Problem to work on: Beneath this line are the data; copy exactly the part of them that opens with the line containing "Gratis foto vrouw" and closes with the line containing "Il pagliaccio divertente", and only that part.

Listed records:

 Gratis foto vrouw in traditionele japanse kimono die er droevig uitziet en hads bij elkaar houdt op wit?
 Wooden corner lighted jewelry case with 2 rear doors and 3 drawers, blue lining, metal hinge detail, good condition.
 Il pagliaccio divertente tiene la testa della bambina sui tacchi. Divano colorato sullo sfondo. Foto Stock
---
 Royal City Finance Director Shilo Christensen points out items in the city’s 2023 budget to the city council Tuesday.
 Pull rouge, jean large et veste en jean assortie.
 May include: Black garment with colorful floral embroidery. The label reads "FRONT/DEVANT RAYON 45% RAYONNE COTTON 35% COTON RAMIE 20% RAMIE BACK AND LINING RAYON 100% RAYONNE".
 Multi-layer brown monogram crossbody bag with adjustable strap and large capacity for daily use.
---
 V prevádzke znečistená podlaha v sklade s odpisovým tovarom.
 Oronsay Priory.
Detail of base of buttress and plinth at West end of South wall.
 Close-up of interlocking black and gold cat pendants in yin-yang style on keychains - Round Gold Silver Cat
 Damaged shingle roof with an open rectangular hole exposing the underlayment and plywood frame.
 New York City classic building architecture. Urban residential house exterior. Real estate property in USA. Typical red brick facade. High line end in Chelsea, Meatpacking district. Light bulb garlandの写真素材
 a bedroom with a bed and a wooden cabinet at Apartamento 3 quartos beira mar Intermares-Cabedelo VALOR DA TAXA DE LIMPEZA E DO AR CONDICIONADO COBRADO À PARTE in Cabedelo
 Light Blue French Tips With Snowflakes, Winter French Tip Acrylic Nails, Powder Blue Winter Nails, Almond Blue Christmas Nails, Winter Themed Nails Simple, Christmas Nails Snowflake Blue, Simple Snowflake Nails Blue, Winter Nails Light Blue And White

Exercise solution:
 Gratis foto vrouw in traditionele japanse kimono die er droevig uitziet en hads bij elkaar houdt op wit?
 Wooden corner lighted jewelry case with 2 rear doors and 3 drawers, blue lining, metal hinge detail, good condition.
 Il pagliaccio divertente tiene la testa della bambina sui tacchi. Divano colorato sullo sfondo. Foto Stock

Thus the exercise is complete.